Tom Bailey, low carbon energy consultant, Arup

I'd like that job: Tom Bailey, low carbon energy consultant, Arup

Tom's main professional motivation is to reduce the impact we have on the environment as much as possible by finding different ways to decrease greenhouse gas emissions.

What’s your name?

Tom Bailey.

Age?

28.

Where do you work?

Arup - an independent firm of designers, planners, engineers, consultants and technical specialists.

What's your job title?

Low carbon energy consultant.

How long have you been doing that?

Five years.

How did you get there?

I secured a six month placement straight after university (I studied physics at Manchester University) by going on the Arup website and finding the name of a director working in green energy. I asked him for a job over the phone, he said come in for interview and then signed me up on the spot. My placement turned into a permanent job, once I had completed an MSc in sustainable energy futures at Imperial College London.

How would you describe life as a working engineer?

An engineer is a professional problem solver. Particularly as a consultant, your role is to think through to a solution for others’ problems.

What's the work and day-to-day experience like?

It’s a mainly office based role but I spend a large portion of the day in-and-out of meetings with clients and stakeholders, visiting projects and, sometimes, travelling abroad.

What did you expect when you started work? Did anything surprise you?

I was surprised how the main hurdles when trying to reduce greenhouse gas emissions are not actually technical. A surprising amount of my job is doing financial and business modelling, trying to demonstrate to others that green solutions stack up commercially.

Normally the technical bits are easy. It’s getting the people and the money in line that can be more challenging, so that’s often where I end up focusing my time.

What's the best thing about the job?

Making a difference. The negative impact we are have on the environment upsets me greatly so, my main professional motivation is to reduce this as much as possible, by finding different ways to decrease greenhouse gas emissions.

The diversity of work. The projects that I work on cover a whole spectrum of energy and carbon saving type problems, from advising governments on renewable energy support policies to writing climate change action plans for cities.

And the worst?

Low carbon energy advice is a brand new area of expertise - unlike being a building service engineer where the skills and career development path is already clearly defined - energy strategy is constantly evolving, there is no set development path.

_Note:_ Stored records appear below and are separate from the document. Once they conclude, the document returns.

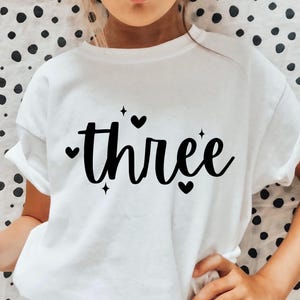 Drei SVG, dritten Geburtstag svg, 3. Geburtstag svg, Geburtstagskind svg, 3 svg, drei Jahre altes svg, Geburtstags-Shirt-Svg, 3. Geburtstags-Shirt-Svg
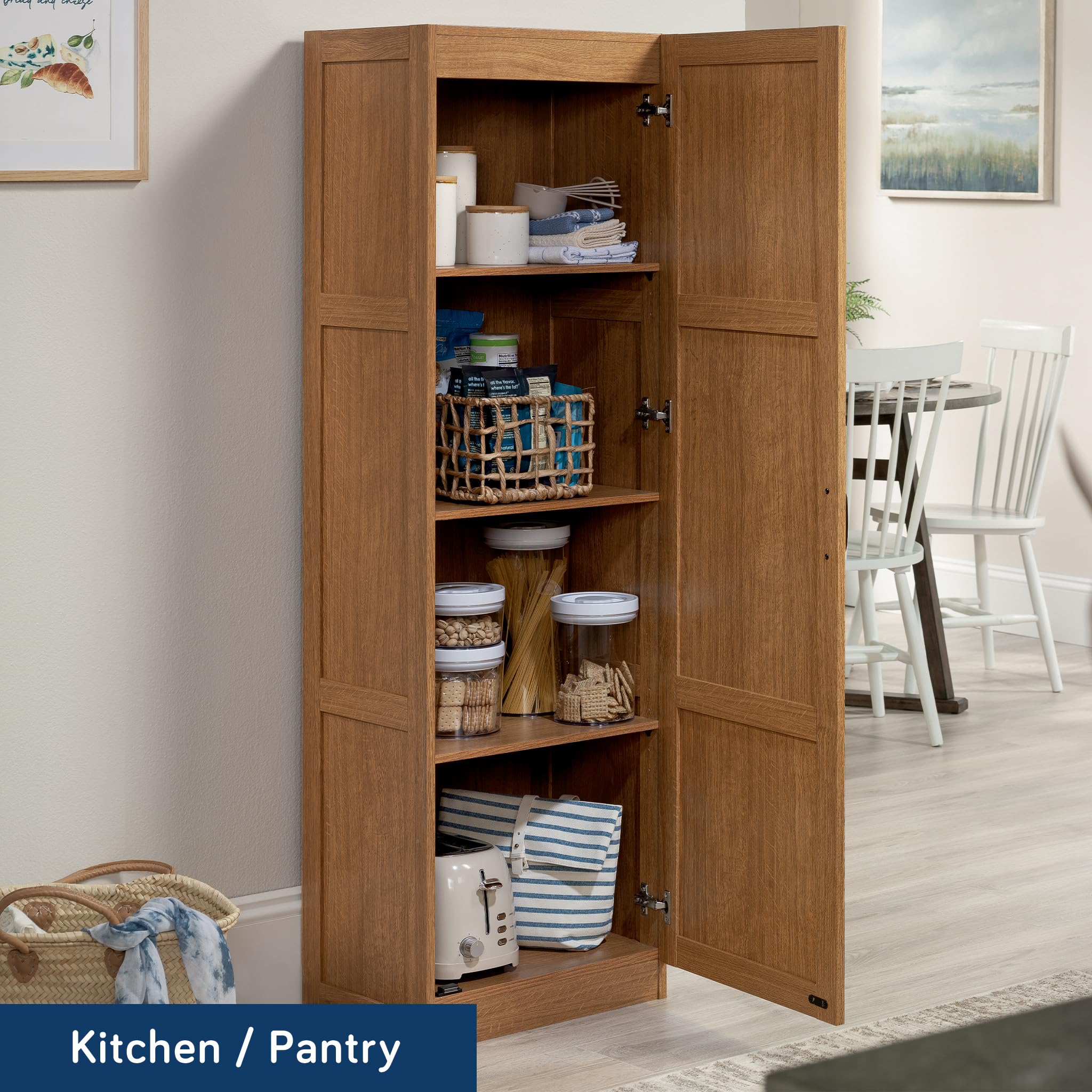 Sauder Storage Cabinet with Adjustable Shelves - Highland Oak Finish Pantry Organizer for Kitchen, Bathroom, or Office Use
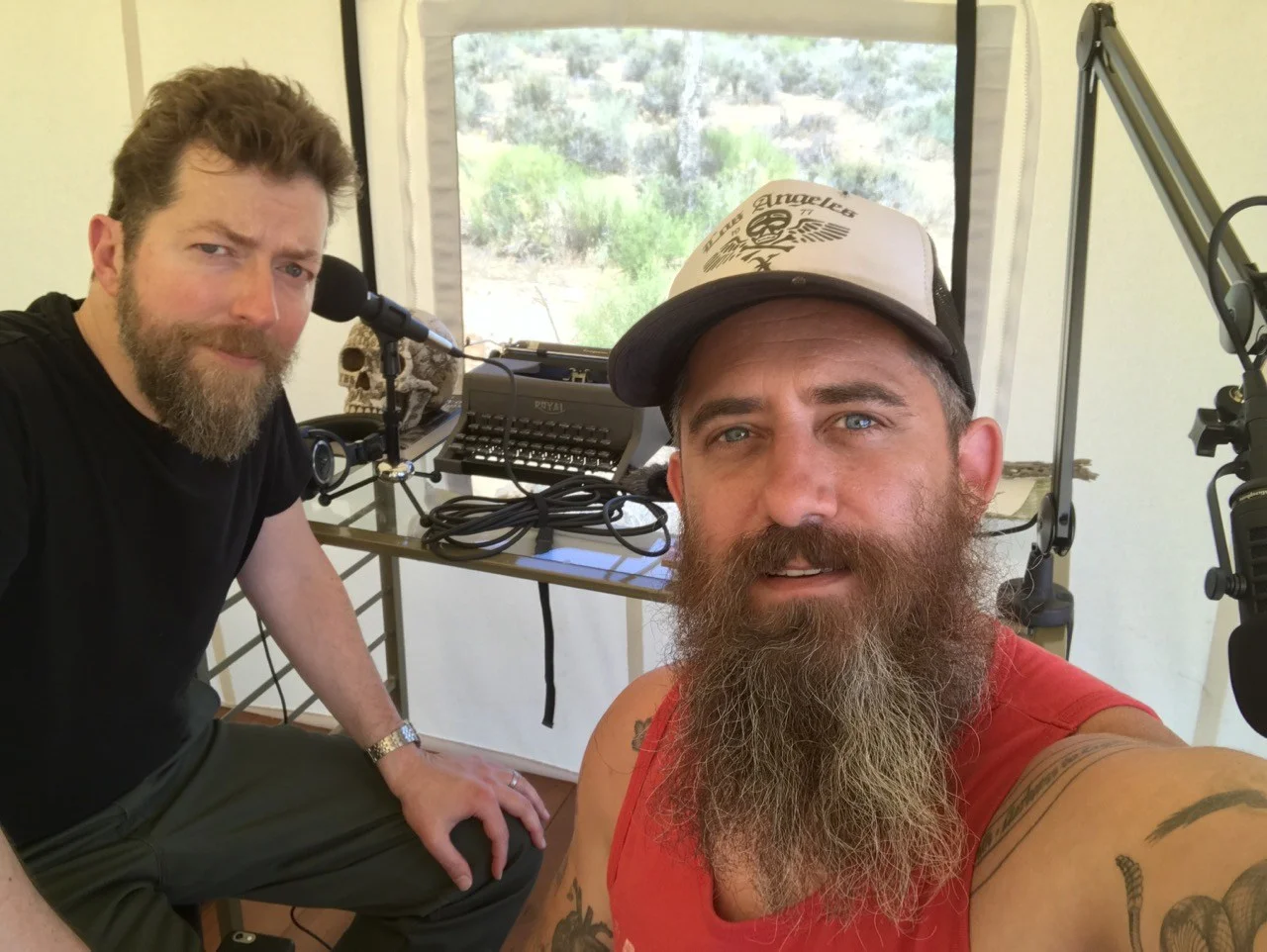 PHOTO: Ken Layne ( Desert Oracle ) and Jeremy Corbell Corbell, Pioneertown, California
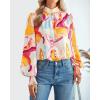 imageBTFBM Spring Fashion 2025 Button Down Long Sleeve Blouses for Women Dressy Casual V Neck Loose Printed Boho Tops ShirtsOrange Pink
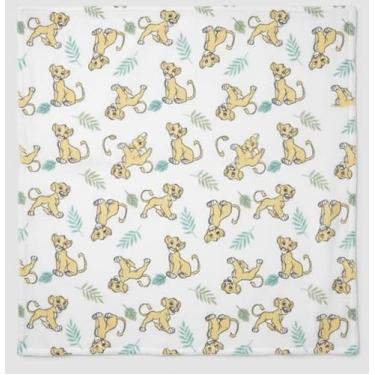 Imagem de Cobertor Rei Leão | Cobertor Rei Leão | Cobertores de Bebê Simba | Cobertores Recém-nascidos Lions Kings | Roupa de cama de lã macia Simba | 76 cm x 101 cm | Branco/Amarelo/Azul | Licenciado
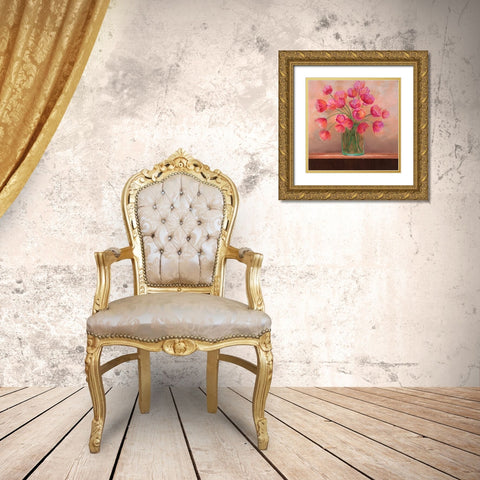 Pink Petals I Gold Ornate Wood Framed Art Print with Double Matting by Joy, Julie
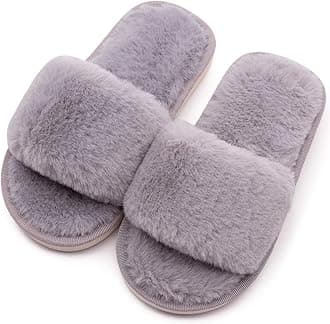 techcity Boys Girls Fuzzy House Slippers Cute Comfy Faux Fur Slip On Fluffy Plush Open Toe Home Slides for Kids Indoor Outdoor Warm Shoes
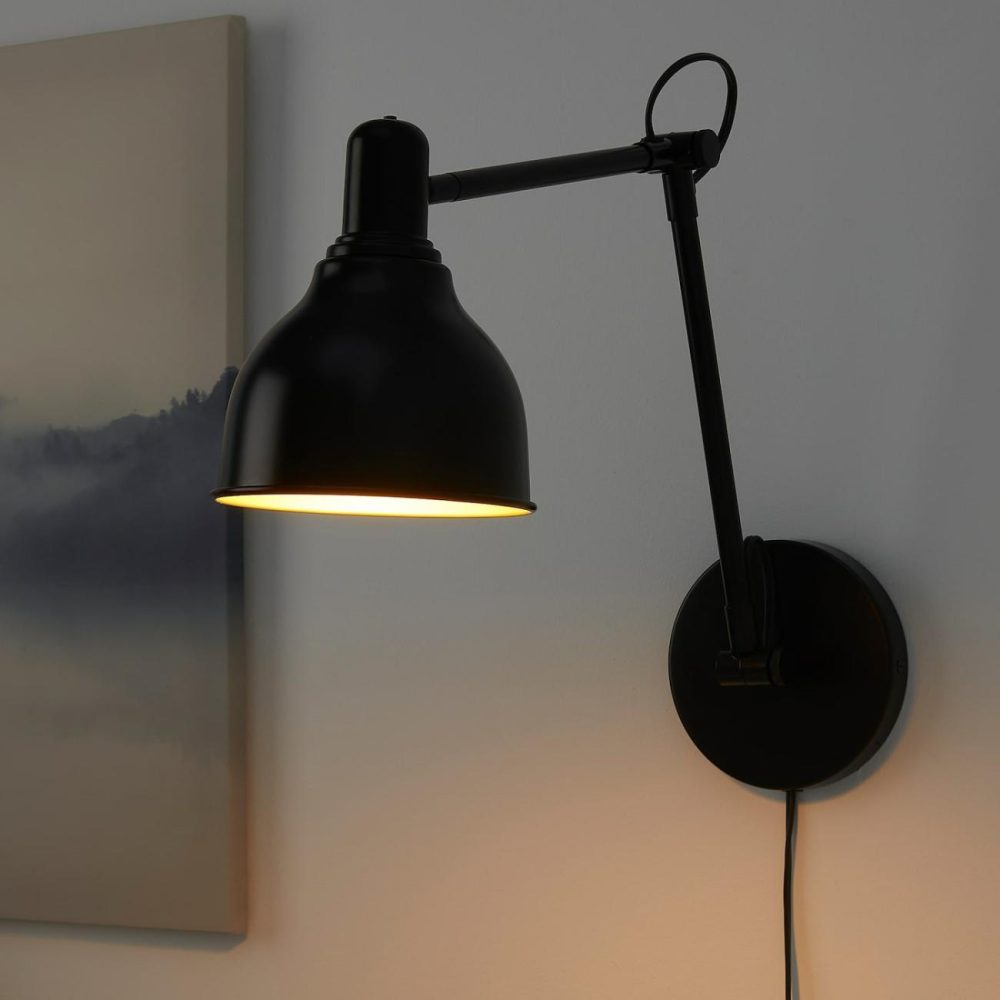 Wall Lamp With Led Bulb, Blac Lamps & Light Fixtures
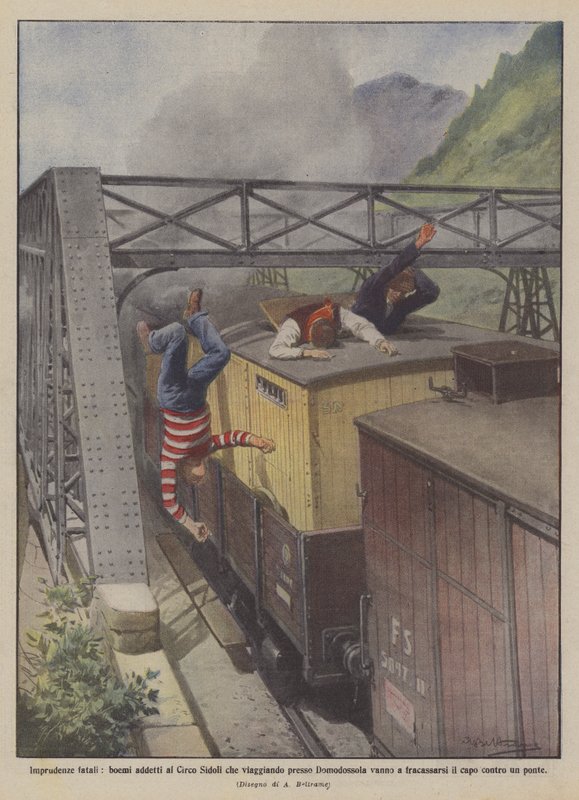 Fatale onvoorzichtigheden, Bohemen verbonden aan het Circus Sidoli die reizen nabij Domodossola door Achille Beltrame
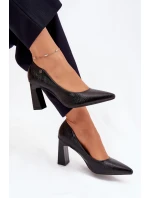Dámské lodičky na podpatku Vinceza 62252 černé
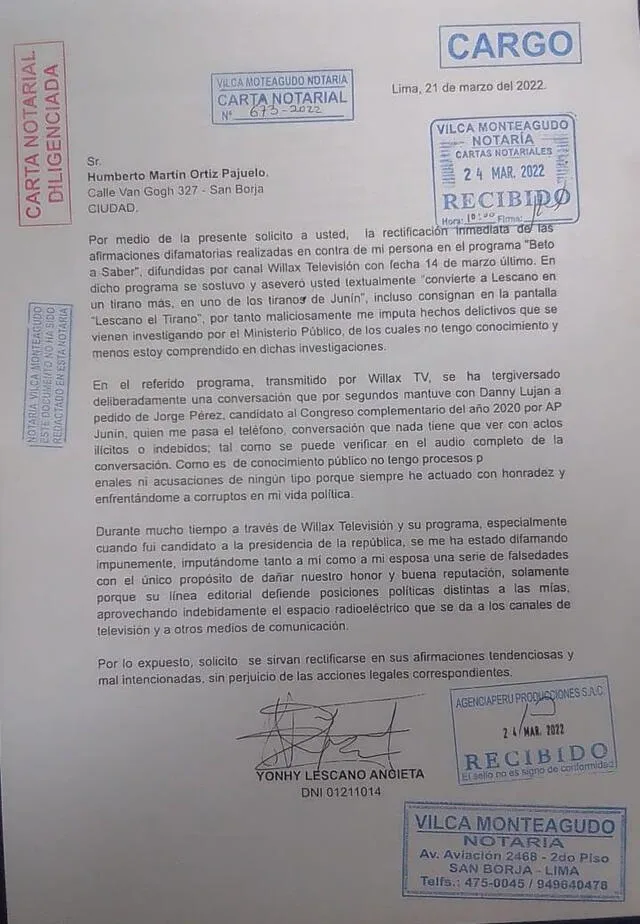 Carta notarial de Yonhy Lescano a Beto Ortiz. Foto: captura de Twitter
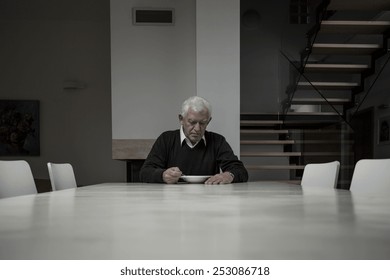 Elderly Man Eating Dinner Completely Alone In Huge House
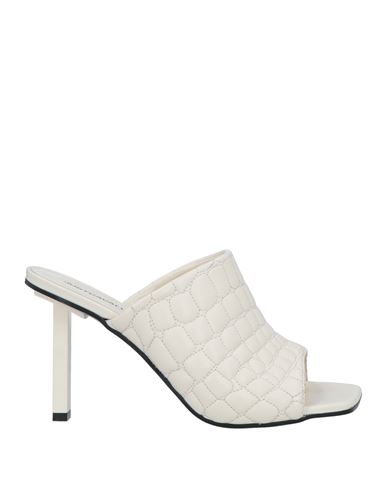 Just Cavalli Woman Sandals Ivory Size 10 Soft Leather In White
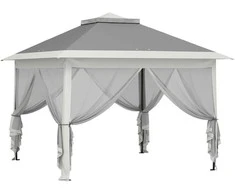 Aosom Sulankstomas sodo paviljonas 330x330x288 cm pilkas, metalas ir poliesteris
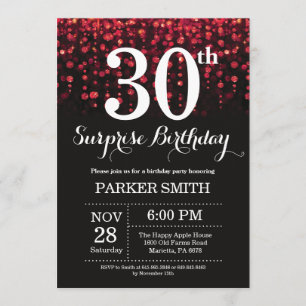 Surprise 30th Birthday Invitation Red Glitter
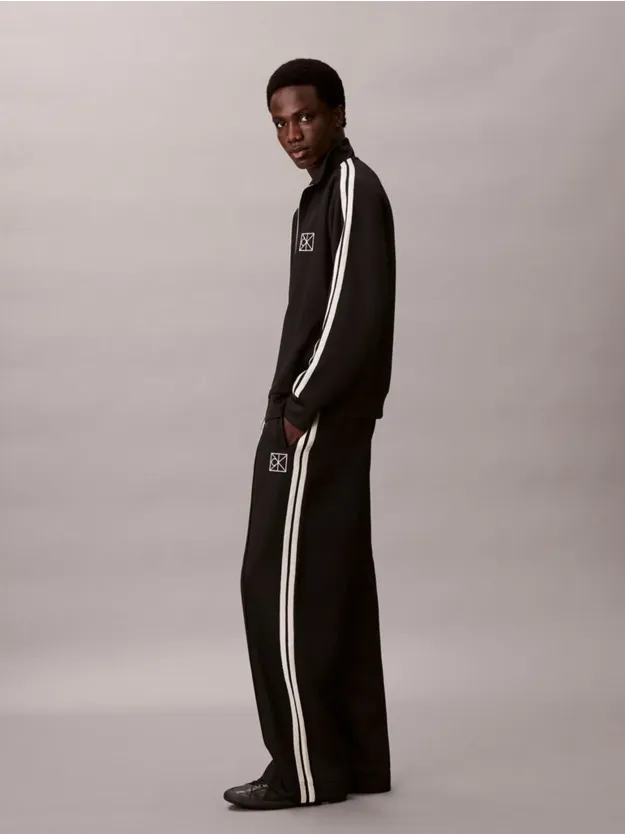Black Double Knit Track Trousers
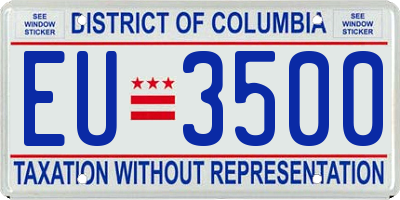 DC license plate EU3500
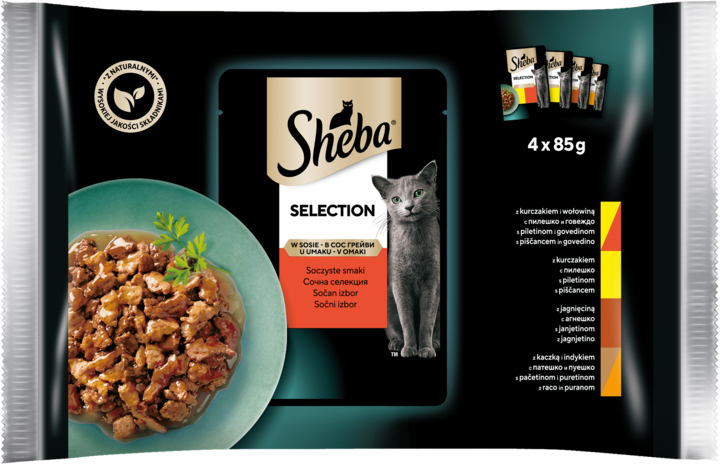 SHEBA, Selection in Sauce, karma pełnoporcjowa mokra dla dorosłych kotów, Soczyste Smaki, w sosie, 340 g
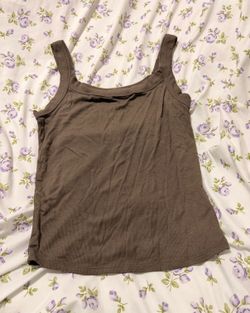 wild fable Brown Ribbed Square-Neck Tank Top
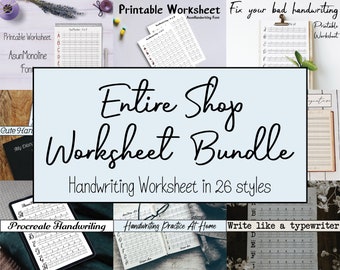 Handwriting Worksheet Template Bundle Pack | Self-learning Handwriting Tracing Workbook PDF | Ipad Penmanship Practice Sheet PDF For Adult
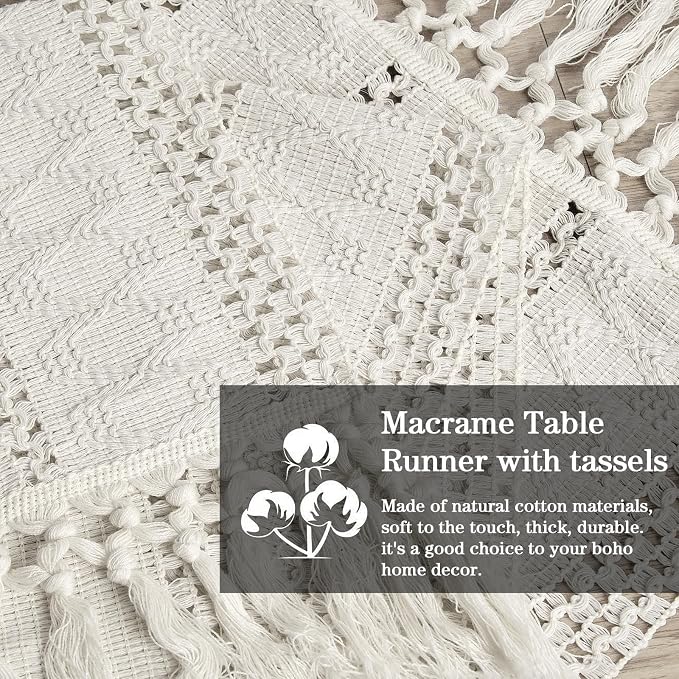 yuboo Beige Table Runner 72 Inches, Boho Dresser Runners for Bedrrom, Spring Macrame Coffee Table Runner for Dining Room,TV Stand, Console Table, Wedding, Neutral Home Table Decor
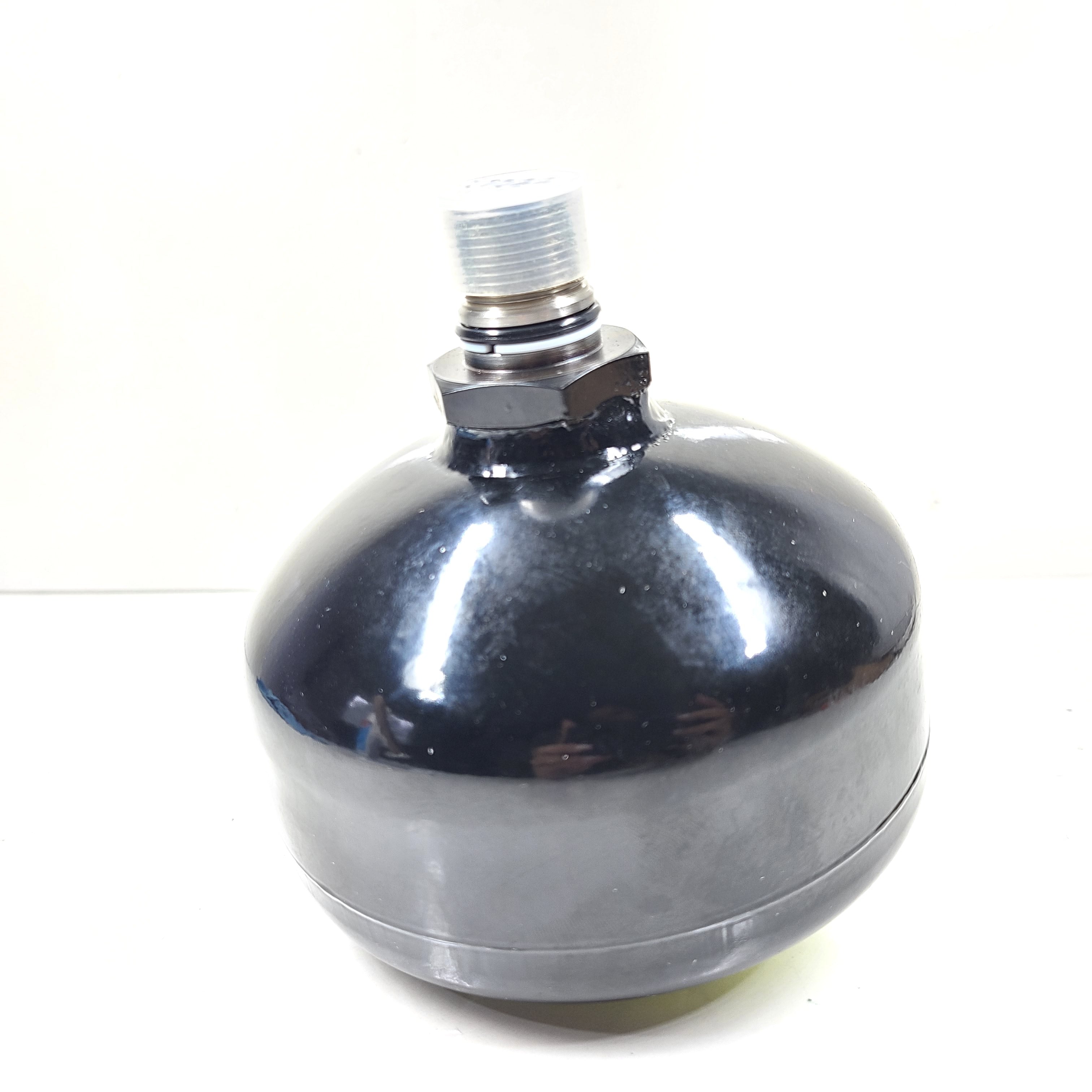 A high-pressure gas cylinder with caution label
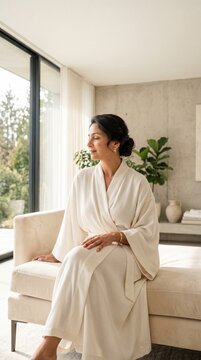 Serene woman in a white robe relaxing in a modern minimalist living room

While this is exciting, it can also be difficult, especially when trying to decide where next to take your experience and skill set. The positive side of this is the freedom I have to take my career where I like.

What have been your career highlights so far?

I was seconded for five months to the Greater London Authority as a technical advisory expert for the development and production of the draft London Climate Change Mitigation and Energy Strategy. This document set out the strategy for delivering 60 per cent CO2 reductions across London by 2025.

Chinese Eco Cities - developing a model for green urbanisation in the Far East is perhaps one of the most pressing climate change mitigation issues facing mankind. While on a year secondment in Hong Kong, I was heavily involved in building a relationship between Arup and General Electric to deliver innovative new Eco City solutions across China. I led on all energy generation and management aspects of the design, and gained invaluable experience working in various Chinese locations.

Is there any advice you’d like to pass on to those about to enter an engineering workplace?

Don’t wait around to be picked up by a graduate scheme. Get out there, meet engineers, make phone calls and get your face in front of people – if you’re in the right place at the right time, someone might just hire you!

This is a straight up plug but the green energy and sustainability sector is one of the few still going strong in the global recession so, if you’re hoping to specialise, this is an area where one can make a difference and find work.

What are your future career plans?

Ultimately, I want to be making - or at least guiding - key decisions on how to mitigate climate change, in particular around urbanisation and cities. I would also love to do another period abroad, as my year in Hong Kong was one of most rewarding times in my career.